Vintage Lens: Canon FD 35mm f/2 SSC

For me, there’s a few specific things that I like in vintage glass. First, I like bokeh, and shooting wide open to produce effects in the image that may be different than you might get with modern lenses. Second, many of the vintage lenses (from the 1970’s and 1980’s especially) can focus fairly close. Many modern lenses can focus relatively close, but when looking at vintage lenses, I like to be able to focus close. This particular lens has a minimum focus distance of less than 1 foot. And, last, I like to be able to shoot into the sun with minimal adverse effects. So, for including sun stars and general shots toward the sun, I don’t want excessive flare, or softness due to the brightness of the sun. I’ll try to demonstrate how this lens performs under such conditions.

Canon FD 35mm f/2 Mounted on my EOS R.

First, what does the bokeh look like from this lens?

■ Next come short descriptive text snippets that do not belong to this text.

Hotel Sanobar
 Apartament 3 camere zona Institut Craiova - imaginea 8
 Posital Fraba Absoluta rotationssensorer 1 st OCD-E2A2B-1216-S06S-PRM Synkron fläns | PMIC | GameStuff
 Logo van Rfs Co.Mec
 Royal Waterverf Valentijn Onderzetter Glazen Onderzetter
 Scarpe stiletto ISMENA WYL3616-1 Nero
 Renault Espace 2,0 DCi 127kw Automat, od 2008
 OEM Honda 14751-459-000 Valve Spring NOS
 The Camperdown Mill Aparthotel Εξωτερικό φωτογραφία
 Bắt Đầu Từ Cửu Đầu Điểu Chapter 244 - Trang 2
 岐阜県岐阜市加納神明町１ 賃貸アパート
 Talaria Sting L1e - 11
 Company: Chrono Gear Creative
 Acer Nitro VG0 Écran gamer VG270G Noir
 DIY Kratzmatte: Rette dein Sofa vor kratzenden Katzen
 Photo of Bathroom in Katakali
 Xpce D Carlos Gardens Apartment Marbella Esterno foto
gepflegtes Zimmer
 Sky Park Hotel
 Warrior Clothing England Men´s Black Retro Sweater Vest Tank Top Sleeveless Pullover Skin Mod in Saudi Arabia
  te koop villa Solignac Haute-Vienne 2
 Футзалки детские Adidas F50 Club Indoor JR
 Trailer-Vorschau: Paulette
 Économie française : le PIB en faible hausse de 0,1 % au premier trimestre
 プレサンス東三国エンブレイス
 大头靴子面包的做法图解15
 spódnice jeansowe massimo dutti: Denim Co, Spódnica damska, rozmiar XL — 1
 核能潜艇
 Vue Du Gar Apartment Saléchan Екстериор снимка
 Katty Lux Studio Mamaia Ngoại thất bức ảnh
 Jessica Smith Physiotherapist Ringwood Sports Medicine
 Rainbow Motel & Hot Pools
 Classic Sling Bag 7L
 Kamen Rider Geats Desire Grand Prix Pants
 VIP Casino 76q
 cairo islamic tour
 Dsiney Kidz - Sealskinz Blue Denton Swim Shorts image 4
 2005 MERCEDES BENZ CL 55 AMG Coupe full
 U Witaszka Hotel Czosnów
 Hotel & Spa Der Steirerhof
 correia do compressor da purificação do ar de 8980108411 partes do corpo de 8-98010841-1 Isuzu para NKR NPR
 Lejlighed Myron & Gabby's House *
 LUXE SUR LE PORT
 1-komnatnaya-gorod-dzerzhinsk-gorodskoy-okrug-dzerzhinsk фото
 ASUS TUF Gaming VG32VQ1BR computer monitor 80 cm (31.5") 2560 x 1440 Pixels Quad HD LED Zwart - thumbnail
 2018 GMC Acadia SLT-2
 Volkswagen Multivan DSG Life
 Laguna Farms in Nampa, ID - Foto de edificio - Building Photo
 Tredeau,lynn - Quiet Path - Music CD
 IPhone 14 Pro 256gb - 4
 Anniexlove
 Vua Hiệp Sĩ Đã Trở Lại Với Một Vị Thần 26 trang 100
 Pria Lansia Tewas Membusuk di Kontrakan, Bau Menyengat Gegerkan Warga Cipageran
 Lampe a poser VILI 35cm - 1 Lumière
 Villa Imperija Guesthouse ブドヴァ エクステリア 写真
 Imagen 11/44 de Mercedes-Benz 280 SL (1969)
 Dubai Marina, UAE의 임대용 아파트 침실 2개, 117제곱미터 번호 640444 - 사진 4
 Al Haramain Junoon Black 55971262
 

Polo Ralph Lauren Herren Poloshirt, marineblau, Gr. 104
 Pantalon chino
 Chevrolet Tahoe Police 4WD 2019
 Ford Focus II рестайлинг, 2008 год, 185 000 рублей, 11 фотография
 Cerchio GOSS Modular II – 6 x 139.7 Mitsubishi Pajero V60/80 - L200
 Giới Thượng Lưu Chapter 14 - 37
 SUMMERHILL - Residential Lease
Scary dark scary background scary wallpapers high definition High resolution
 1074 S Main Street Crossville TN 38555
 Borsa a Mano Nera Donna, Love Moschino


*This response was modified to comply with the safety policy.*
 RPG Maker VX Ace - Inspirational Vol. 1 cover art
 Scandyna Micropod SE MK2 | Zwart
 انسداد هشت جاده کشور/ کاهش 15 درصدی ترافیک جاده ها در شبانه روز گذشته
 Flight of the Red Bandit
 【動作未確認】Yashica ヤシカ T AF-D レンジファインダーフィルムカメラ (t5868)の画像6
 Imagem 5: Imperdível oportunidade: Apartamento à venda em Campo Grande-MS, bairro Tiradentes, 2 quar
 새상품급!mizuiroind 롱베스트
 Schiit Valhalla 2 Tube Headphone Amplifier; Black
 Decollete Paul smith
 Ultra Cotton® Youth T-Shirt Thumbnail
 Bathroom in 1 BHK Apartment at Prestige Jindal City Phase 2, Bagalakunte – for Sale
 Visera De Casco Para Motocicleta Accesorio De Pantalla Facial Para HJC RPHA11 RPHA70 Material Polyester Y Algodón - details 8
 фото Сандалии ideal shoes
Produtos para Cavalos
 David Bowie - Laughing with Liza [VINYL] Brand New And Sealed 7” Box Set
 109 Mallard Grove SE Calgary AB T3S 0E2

I would say bokeh is very pleasant with this lens. Pretty normal. I also think the lens produces some sharp images (if my eyes are good enough to focus). I like how the red flowerpot is sharp in the first and the second to the last image above.

Now, how does it do pointing directly into the sun? This will generally be better with lenses that have better coatings on the glass. Multi-coated will be generally better than single coatings at reducing flare and maintaining contrast.

Image shot directly into the sun.

In the image above, there is some flare from the sun, and brightness toward the light source, but I don’t think it’s bad at all. I doubt I would get much better results with a modern 35mm lens. I also like the bokeh in this image – very pleasing.

Now, there’s another effect that I like – that of the sunstar. So, instead of shooting wide open to create pleasant bokeh, I’ll stop way down to see how the light looks at a very small aperture…

Sunstar shot at f/22.

In the image above, I stopped down to f/22 and photographed the same tree branches, looking into the sun. The result is a nice, 8-point star, with some tiny spots of flare toward the bottom of the photo, but very minimal.

These SSC lenses were supposed to have advanced (for the time) coatings. I’m not sure how much better coatings are today, but this lens seems to be very good.

I’ve always read that Canon’s f/2 lenses from this time (1976-ish) were very good quality. I’ve never really shot with it much, but the FD 35mm f/2 SSC seems to perform well, and I would recommend it. 35mm is a nice focal length for walking around the city, for portraits, and for your next hike in the mountains. I’d like to shoot at this focal length more, and this lens seems provide the quality to get some good shots – if I can see good enough to focus sharply, that is.

One of the benefits of shooting with a mirrorless body is the flexibility you have to shoot with many vintage lenses. I’m just starting to explore more and more lenses, so you’ll be sure to see more postings about vintage lenses, shot on digital and film.

Today is a holiday in the US (Martin Luther King, Jr. Birthday) so I’m sure I’ll be out experimenting with one of my cameras, and hopefully taking some interesting photographs!